Ce que le ministre Bachand ne dit pas c’est que la fuite des capitaux est déjà en marche depuis l’instauration de l’Accord de libre-échange Canada-ÉU (ALÉ) puis de l’Accord de libre-échange du nord de l’Amérique (ALÉNA) ? D’environ 1-2% du PIB canadien en 1980, les flux annuels de placements extérieurs de la bourgeoisie canadienne aux ÉU comptent désormais pour environ 4-5% du PIB. La tendance inverse est aussi vraie à un niveau légèrement supérieur, ce qui pose le problème du contrôle de l’économie canadienne et québécoise étant donné que la profondeur de l’économie canadienne n’est pas celle des ÉU et que les grandes banques canadiennes s’américanisent. Sans compter que l’écrasante majorité des ces investissements ne sont pas des investissements nouveaux créateurs d’emplois mais plutôt le prétexte à des « rationalisations », c’est-à-dire des congédiements massifs et des fermetures.

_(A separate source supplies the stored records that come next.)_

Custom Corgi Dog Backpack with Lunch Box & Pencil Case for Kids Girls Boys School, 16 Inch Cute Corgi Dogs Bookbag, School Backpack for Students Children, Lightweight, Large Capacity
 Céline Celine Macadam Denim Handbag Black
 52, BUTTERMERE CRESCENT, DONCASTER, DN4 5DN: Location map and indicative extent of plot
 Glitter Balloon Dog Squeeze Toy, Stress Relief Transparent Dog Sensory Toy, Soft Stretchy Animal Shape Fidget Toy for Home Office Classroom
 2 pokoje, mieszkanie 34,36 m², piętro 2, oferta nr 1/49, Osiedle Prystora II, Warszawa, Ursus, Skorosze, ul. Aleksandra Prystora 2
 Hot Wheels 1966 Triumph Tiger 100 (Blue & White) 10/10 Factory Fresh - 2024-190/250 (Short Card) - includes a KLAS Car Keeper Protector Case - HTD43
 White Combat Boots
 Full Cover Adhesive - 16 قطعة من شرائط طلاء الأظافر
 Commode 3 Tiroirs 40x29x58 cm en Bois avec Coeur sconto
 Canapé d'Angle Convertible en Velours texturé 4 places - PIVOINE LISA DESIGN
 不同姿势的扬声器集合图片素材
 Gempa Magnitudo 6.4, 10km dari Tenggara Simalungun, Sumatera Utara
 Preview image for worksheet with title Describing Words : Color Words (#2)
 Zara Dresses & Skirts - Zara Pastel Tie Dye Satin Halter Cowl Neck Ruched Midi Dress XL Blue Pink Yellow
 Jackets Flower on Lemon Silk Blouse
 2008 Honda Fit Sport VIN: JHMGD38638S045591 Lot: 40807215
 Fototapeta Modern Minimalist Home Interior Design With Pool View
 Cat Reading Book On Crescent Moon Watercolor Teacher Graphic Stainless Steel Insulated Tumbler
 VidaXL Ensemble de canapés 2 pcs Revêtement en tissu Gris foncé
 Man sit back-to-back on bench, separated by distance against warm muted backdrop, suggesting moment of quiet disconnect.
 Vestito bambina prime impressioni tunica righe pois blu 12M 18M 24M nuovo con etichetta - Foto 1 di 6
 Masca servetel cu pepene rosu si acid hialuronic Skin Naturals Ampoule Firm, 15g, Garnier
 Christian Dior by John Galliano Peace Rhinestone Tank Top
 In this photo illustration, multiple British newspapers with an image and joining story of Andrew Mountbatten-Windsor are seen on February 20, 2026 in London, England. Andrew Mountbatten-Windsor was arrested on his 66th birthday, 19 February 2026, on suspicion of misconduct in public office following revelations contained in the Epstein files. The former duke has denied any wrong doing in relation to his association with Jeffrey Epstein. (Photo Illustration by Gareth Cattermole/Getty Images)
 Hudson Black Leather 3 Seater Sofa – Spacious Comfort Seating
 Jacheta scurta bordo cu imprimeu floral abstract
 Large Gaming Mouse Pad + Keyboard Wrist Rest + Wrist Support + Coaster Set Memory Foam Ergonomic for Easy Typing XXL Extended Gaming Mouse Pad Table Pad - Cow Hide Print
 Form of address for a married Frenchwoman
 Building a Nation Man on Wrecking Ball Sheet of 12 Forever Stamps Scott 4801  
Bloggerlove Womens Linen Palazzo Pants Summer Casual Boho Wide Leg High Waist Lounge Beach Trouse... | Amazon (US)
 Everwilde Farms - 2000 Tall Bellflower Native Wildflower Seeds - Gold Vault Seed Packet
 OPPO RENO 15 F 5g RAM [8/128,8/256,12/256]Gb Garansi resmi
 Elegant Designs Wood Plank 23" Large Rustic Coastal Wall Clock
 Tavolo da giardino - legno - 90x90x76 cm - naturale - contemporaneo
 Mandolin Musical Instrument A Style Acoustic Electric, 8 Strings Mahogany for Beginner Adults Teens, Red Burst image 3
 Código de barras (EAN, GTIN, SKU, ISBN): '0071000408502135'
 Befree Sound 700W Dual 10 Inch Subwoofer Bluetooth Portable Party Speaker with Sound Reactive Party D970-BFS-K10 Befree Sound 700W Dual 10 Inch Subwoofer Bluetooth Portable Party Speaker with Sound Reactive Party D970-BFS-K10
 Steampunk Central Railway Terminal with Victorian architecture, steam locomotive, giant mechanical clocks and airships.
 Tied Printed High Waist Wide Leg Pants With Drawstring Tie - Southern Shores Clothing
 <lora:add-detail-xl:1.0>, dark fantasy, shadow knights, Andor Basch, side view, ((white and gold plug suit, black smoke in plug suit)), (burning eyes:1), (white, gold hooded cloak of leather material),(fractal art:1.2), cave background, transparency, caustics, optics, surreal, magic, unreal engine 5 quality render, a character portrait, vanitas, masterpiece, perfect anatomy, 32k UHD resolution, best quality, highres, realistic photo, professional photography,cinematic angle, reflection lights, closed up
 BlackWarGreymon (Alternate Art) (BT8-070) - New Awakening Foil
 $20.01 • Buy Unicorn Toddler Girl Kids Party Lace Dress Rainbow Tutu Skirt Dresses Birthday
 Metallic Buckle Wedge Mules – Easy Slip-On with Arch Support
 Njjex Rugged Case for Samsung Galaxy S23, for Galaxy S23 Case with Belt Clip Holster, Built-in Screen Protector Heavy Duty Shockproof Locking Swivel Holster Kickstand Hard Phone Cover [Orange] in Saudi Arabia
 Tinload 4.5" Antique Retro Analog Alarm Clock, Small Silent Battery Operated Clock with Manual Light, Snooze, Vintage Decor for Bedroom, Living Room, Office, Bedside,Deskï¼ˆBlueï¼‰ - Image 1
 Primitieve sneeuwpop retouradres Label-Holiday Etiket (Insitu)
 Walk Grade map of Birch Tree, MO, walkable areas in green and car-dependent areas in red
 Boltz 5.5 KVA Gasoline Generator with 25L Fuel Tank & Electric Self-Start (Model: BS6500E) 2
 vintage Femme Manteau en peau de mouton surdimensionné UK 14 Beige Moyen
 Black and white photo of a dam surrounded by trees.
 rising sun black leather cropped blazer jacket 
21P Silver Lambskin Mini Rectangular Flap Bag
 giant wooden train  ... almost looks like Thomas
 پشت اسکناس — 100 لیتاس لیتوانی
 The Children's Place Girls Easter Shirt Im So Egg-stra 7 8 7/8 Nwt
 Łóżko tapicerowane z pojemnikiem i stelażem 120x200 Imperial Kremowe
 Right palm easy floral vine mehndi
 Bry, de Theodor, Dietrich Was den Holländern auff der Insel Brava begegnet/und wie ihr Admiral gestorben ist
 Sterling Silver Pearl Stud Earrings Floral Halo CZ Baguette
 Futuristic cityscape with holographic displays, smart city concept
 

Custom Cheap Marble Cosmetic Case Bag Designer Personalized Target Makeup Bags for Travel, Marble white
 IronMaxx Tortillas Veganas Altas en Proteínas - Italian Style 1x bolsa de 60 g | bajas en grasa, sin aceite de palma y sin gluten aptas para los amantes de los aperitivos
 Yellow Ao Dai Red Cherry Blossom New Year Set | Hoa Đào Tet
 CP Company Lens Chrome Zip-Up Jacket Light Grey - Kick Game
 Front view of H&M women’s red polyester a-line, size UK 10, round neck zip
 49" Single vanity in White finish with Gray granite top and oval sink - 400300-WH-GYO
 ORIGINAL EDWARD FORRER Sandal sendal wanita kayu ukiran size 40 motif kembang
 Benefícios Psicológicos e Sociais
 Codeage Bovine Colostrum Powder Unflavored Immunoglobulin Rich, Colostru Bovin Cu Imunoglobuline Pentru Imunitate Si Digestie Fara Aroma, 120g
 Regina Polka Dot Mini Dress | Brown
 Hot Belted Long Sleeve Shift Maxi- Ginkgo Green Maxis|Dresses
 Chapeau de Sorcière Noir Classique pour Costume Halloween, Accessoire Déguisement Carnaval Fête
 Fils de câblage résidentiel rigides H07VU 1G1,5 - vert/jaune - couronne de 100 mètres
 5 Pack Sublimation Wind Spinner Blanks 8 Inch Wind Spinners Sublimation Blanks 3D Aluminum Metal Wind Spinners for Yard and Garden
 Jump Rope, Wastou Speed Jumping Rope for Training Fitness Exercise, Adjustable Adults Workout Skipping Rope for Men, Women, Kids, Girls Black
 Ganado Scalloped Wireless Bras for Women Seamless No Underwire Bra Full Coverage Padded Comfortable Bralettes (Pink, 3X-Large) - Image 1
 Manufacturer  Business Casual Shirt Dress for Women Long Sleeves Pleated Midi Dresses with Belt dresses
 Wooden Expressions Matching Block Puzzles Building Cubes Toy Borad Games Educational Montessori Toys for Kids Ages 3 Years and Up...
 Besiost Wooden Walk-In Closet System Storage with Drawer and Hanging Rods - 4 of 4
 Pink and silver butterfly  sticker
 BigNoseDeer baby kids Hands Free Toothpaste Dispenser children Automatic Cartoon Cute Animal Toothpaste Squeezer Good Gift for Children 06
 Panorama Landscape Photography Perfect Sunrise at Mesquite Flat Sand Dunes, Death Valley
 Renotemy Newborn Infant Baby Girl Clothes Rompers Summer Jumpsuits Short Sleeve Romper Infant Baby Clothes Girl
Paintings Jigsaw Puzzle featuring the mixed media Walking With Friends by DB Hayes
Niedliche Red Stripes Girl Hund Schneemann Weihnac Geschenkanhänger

Arrêter les sorties de fonds vers les ÉU ou pour des investissements miniers en Amérique latine et en Afrique, comme le fait Barrick Gold qui veut ruiner la maison d’édition Écosociété par un SLAPP, est bien sûr incompatible avec l’ALÉNA. Le Sommet des peuples d’avril 2001, tenu à Québec, avait dit non à la ZLÉA c’est-à-dire l’extension de l’ALÉNA aux Amériques. On s’attend à ce que la plate-forme de Québec solidaire soit l’héritière de cette décision, ce qu’elle n’est pas sauf aux Calendes grecques (« Viser le remplacement des pactes libre-échangistes tels que l’ALÉNA ou la ZLÉA… »).

Qu’en est-il des fermetures d’usines non rentables et des banqueroutes comme, par exemple, l’entreprise de fabrication de meubles Shermag qui emploie 800 personnes après en avoir employé 2 000 il y a quelques années ? Elle blâme le bas coût de la main d’œuvre chinoise et la hausse du huard. Soit. Premièrement, cela prouve la nécessité de l’indépendance du Québec pour qu’il se dote d’une Banque du Québec qui fixera un taux de change non en fonction du pétrole albertain mais de la viabilité du secteur manufacturier québécois.

Deuxièmement, cela pose la question de l’équilibre commerciale avec le reste du monde. Un Québec indépendant, une fois sorti de l’ALÉNA, sera en mesure de faire des ententes commerciales d’État à État garantissant l’équilibre des échanges commerciaux. (À remarquer qu’avant la hausse du huard, Shermag s’en tirait relativement bien en se spécialisant dans l’ameublement haut de gamme.)

Les autres pays bouderont-ils le Québec ? Même les deux candidats démocrates à la présidence étasunienne ont déclaré vouloir remettre en question l’ALÉNA. Pense-t-on sérieusement qu’en ces temps de difficulté économique, les entreprises étrangères vont s’empêcher de vendre sur le marché québécois ? Même si certains pays refusaient de faire affaire avec le Québec, leurs concurrents seraient trop heureux de prendre leur place tout comme le Canada, pourtant un fidèle allié des ÉU qui ont déclaré un embargo contre Cuba, est trop heureux de faire affaire avec ce pays, pourtant un bien petit marché comparé au Québec.


Propositions

1. Il est interdit de fermer ou de faire des congédiements de groupe pour une entreprise rentable sous peine d’expropriation partielle ou totale des ses actifs et/ou de se voir fermer partiellement ou totalement l’accès au marché québécois.

2. Suite à la fermeture ou congédiements de groupe d’entreprises non-rentables, les concurrents ou à défaut le secteur concerné ou à défaut l’ensemble des entreprises privées doivent prendre entièrement à leurs charges les travailleurs et travailleuses concernées en assumant indéfiniment leur plein salaire, qu’ils soient reclassés ou non, et leur pleine retraite.

3. Si un groupe de travailleurs et de travailleuses veulent s’organiser en coopérative suite à une fermeture, les entreprises responsable ou bénéficiaire de la fermeture devront les financer au taux du marché et garantir leur mise en marché à prix concurrentiels.

4. Le Québec indépendant se retirera immédiatement de l’ALÉNA et négociera des ententes commerciales d’État à État qui garantiront son équilibre commercial et sa viabilité manufacturière.

5. Le Québec indépendant se dotera d’une Banque du Québec qui fixera un taux de change compatible avec la viabilité des entreprises manufacturières et contrôlera les entrées et les sorties de capitaux.